Le site n’a rien d’évident. Pente abrupte, végétation basse et rocheuse, ligne d’horizon fragmentée par les collines. Là où d’autres auraient lissé, creusé ou aplani, l’agence espagnole a choisi de composer avec la dissonance. Une grille orthogonale a été apposée sur le terrain naturel, non pour le dominer, mais pour en révéler les contours.

Résultat : une série de volumes cubiques, accrochés comme des modules indépendants, s’ajustent au relief en une chorégraphie silencieuse. Reliés entre eux par des escaliers extérieurs, des passerelles, des patios ombragés, ils offrent à chaque recoin une perspective nouvelle sur la mer — toujours présente, jamais frontale.

C’est cette tension entre construction et paysage qui donne au projet sa force. Le Red Sol Resort n’est ni un village, ni une forteresse, ni un hôtel. Il est un peu tout cela à la fois, et c’est précisément cette hybridité qui lui confère son élégance.

Rouge comme langage

La couleur n’a pas été choisie à la légère. Ce rouge profond, presque mat, s’inspire des teintes minérales des terres du sud. Il capte la lumière sans l’éblouir, absorbe les ombres plutôt que de les renvoyer. La chromie devient un matériau à part entière, un filtre entre le visiteur et le paysage, une peau poreuse qui dialogue avec les pierres du chemin, le vert des cyprès, le bleu dense de la mer.
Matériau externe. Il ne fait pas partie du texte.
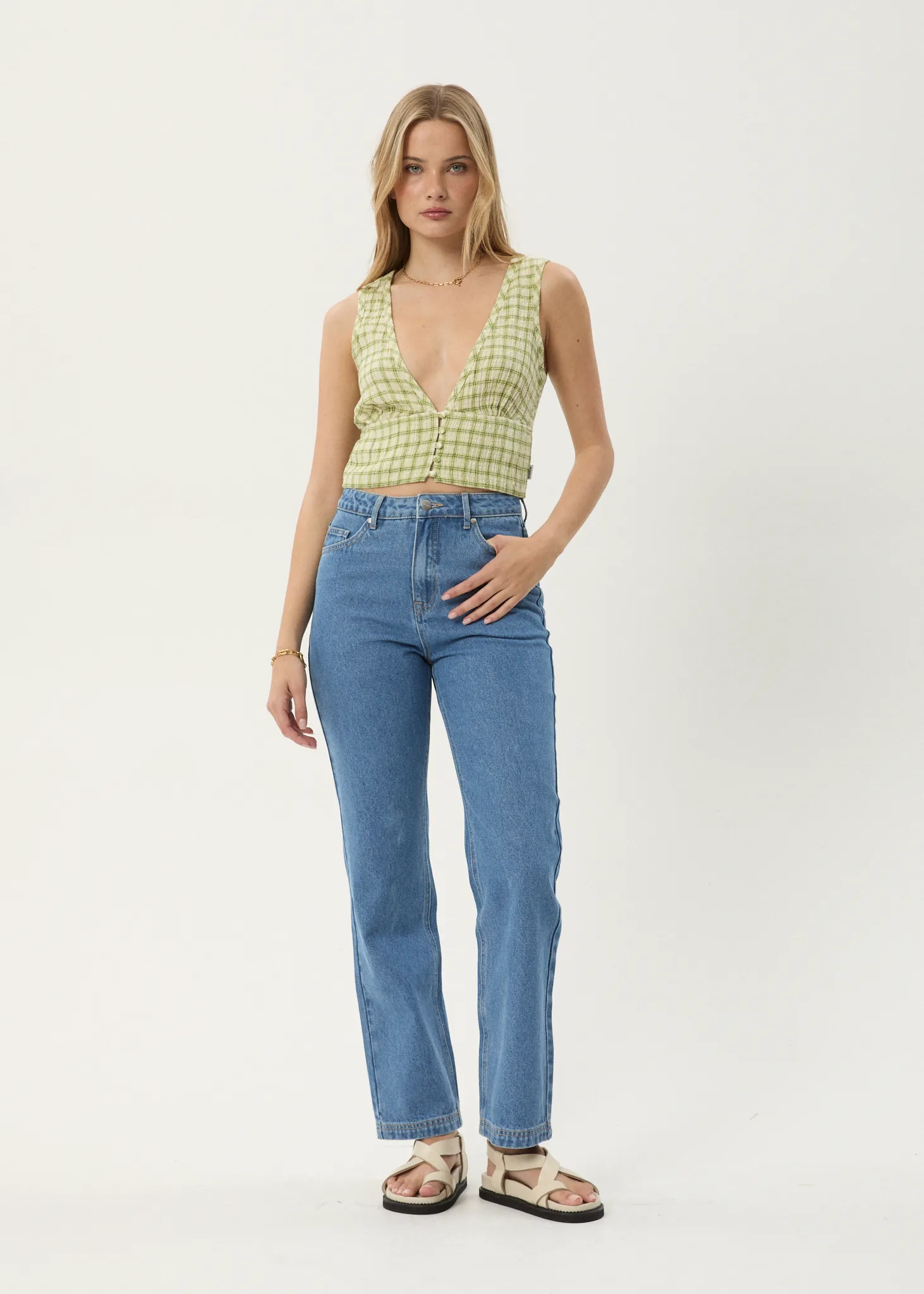 AFENDS Womens Darcy - Check Button Top - Lemongrass Check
Dans cet ensemble, chaque matériau semble avoir été sélectionné pour sa capacité à vieillir. Les murs crépis sont destinés à se patiner. Les garde-corps en métal se piqueront de rouille. Les sols de béton brut retiendront le souvenir des pas. Rien de figé : le Red Sol Resort est un lieu qui assume l’érosion, l’imperfection, le passage du temps. Un lieu wabi-sabi sans l’arrogance du concept.

Il n’y a pas ici de réception clinquante, pas de lobby marbré. L’arrivée au resort se fait par une montée lente, entre des murs aveugles, comme dans une citadelle. Puis, soudain, une ouverture. Un cadre sur la mer. Le projet joue la carte de la révélation — jamais tout montrer d’un coup, toujours laisser deviner.

Les unités d’hébergement — villas, appartements, chambres — sont réparties en fonction de la topographie. Pas une pièce identique, pas un point de vue répliqué. Cette diversité spatiale, au lieu d’être désorientante, invite à la flânerie. On passe d’une passerelle suspendue à un escalier tournant, d’une terrasse ensoleillée à un couloir frais, toujours avec le sentiment d’être un peu en dehors du monde.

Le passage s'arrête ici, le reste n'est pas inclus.